Sein Vermögen den Kindern schenken und dann Ergänzungsleistungen einfordern!
Für mich äusserst fragwürdig Frau Landert.
Zu Ihrer Information, Herr Kern: Frau Landert bezieht keine Ergänzungsleistungen. Die Idee, einen entsprechenden Antrag zu stellen, kam von den Fachleuten aus dem Sozialbereich, beispielsweise Gaby Scheidegger von der Fachstelle Alter und Gesundheit. Man darf wohl davon ausgehen, dass ein solcher Antrag auf seine Berechtigung geprüft würde, bevor Frau Landert Ergänzungsleistungen beziehen kann.

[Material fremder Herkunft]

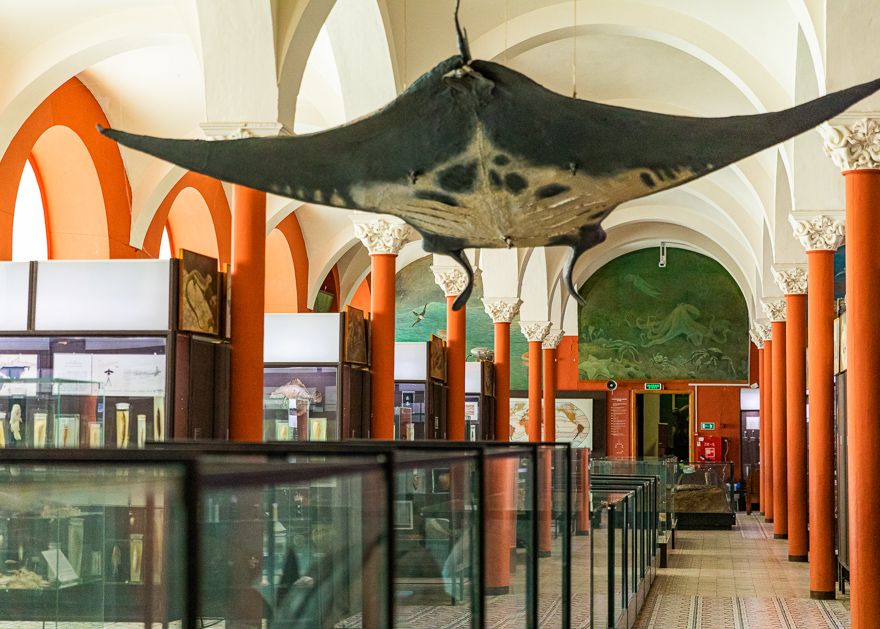 Название изображения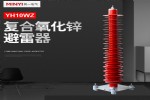 110KVHY10WZ-102/266ӵطʽ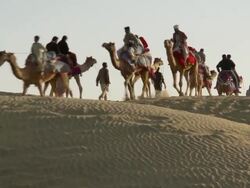  WS Tourist caravan at Tar dessert / Sam Sand Dunes, Rajasthan, India Stock Footage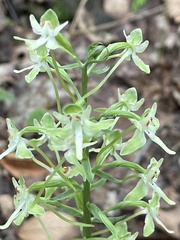 Platanthera orbiculata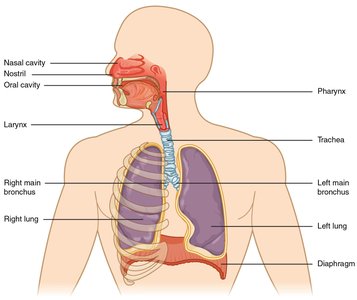 Anatomy of the respiratory system, showing nasal cavity, pharynx, larynx, trachea, bronchi, lungs, and diaphragm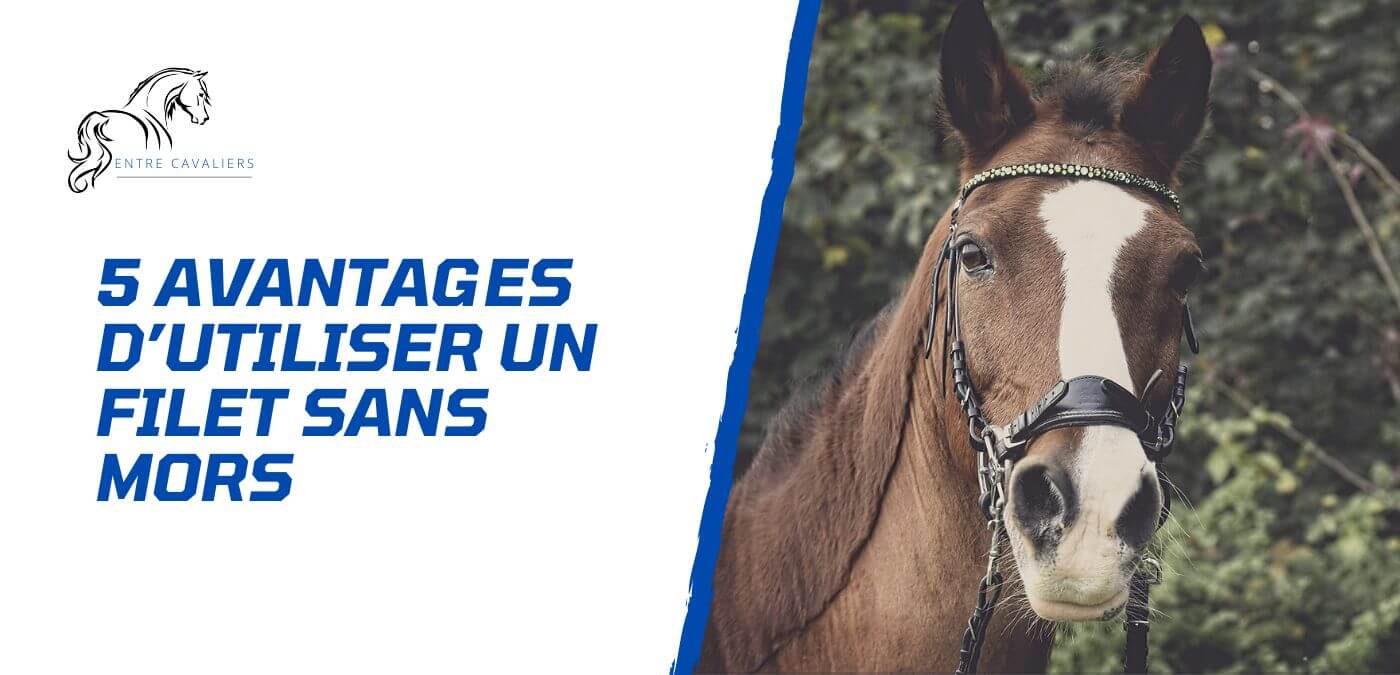 You are currently viewing 5 avantages d’utiliser un filet sans mors pour son cheval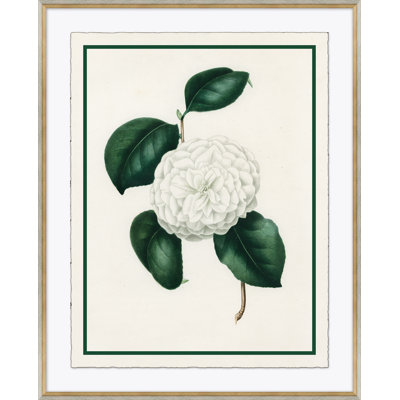 Flora " Flora VI "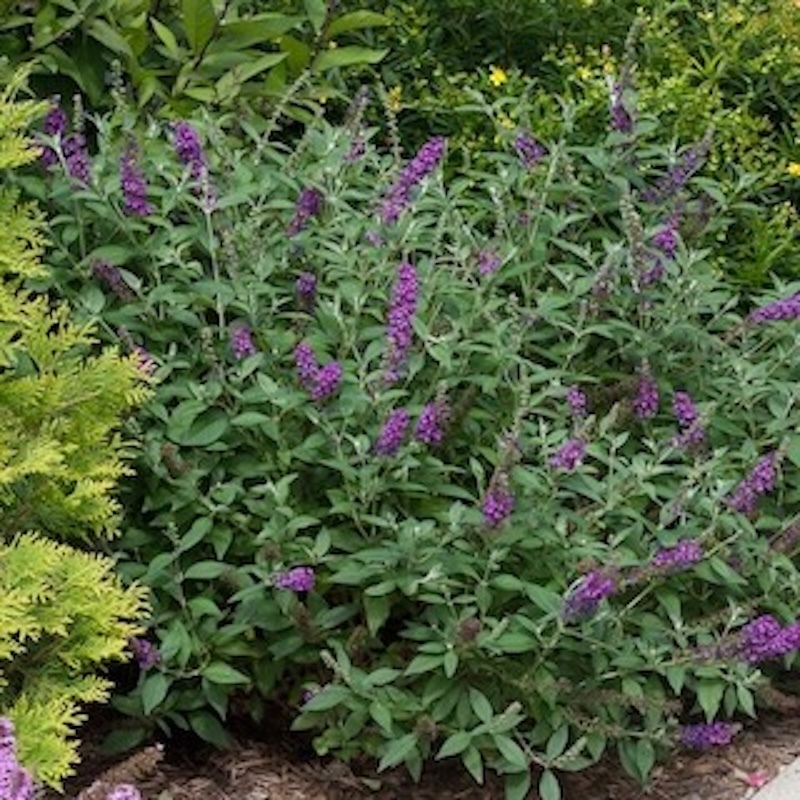 Miss Violet butterfly bush planted with arborvitae and St. John's wort
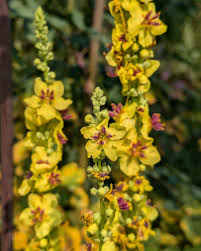 Attēlu rezultāti vaicājumam “Verbascum nigrum flower”
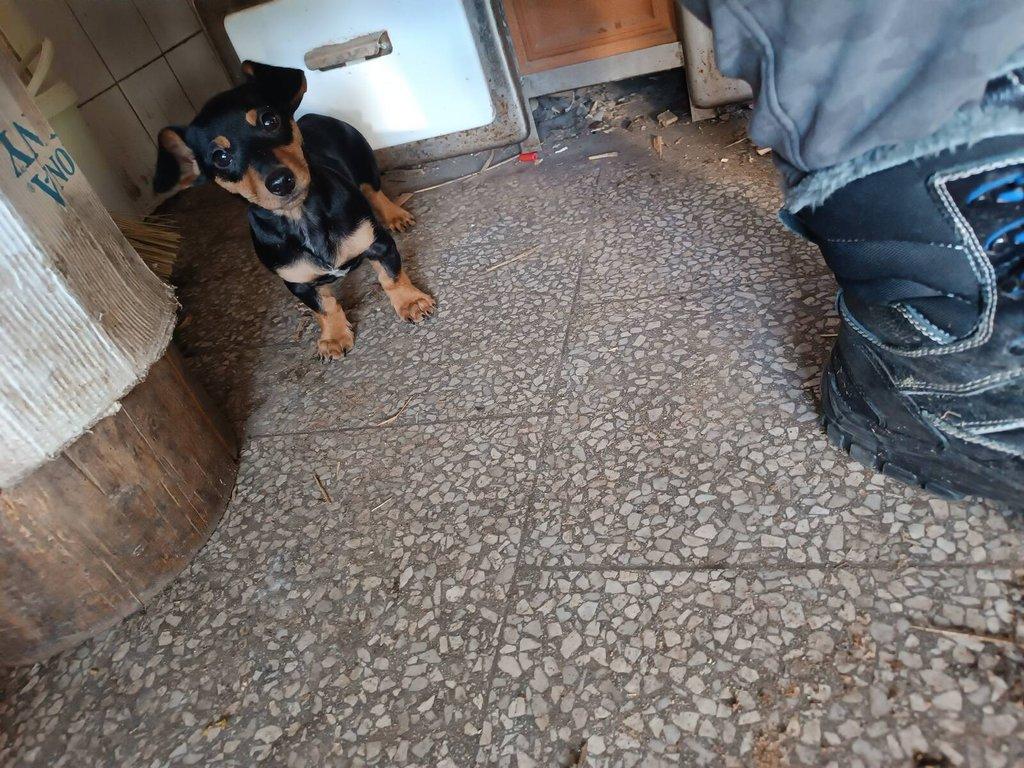 Jezevčík krátkosrstý trpasličí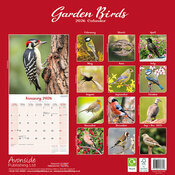 Calendrier Papier 2026 Oiseaux du Jardin Rouge Gorge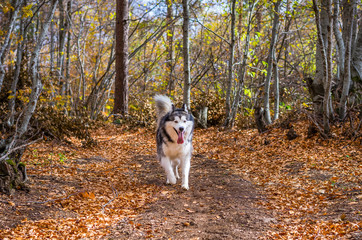 Naklejka na ściany i meble Cute Alaskan malamute dog enjoying the walk in a forest surrounded with trees and golden leaves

Ihr Artikel berührt mich sehr, habe ich doch einen ganz ähnlichen Fall erlebt, in welchem gar die Gemeinde Zollikon die kündigende Vermieterin war. Eine Überprüfung des Liegenschaftenportfolios der Gemeinde hatte wohl ergeben, dass die Wohnungen im fraglichen Haus einträglicher vermietet werden könnten. Den Mietenden wurde zwar mit einer sehr grosszügigen Frist gekündigt, drei der sechs Mietparteien waren aber Damen weit über 80, die seit 50 Jahren in diesem Haus gewohnt hatten. Für meine Mutter war der Umzug in ein Heim aus gesundheitlichen Gründen sowieso eine Frage der Zeit, den anderen beiden Damen aber, die bis dahin körperlich und geistig äusserst rüstig gewesen waren, brach die Kündigung das Herz und den Lebenswillen. Ihre Wohnungen wurden lieblos saniert und zum doppelten Preis neu vermietet.
Bezahlbare Alterswohnungen an zentraler Lage auf dem Beugiareal würden der reichen Gemeinde Zollikon gut anstehen.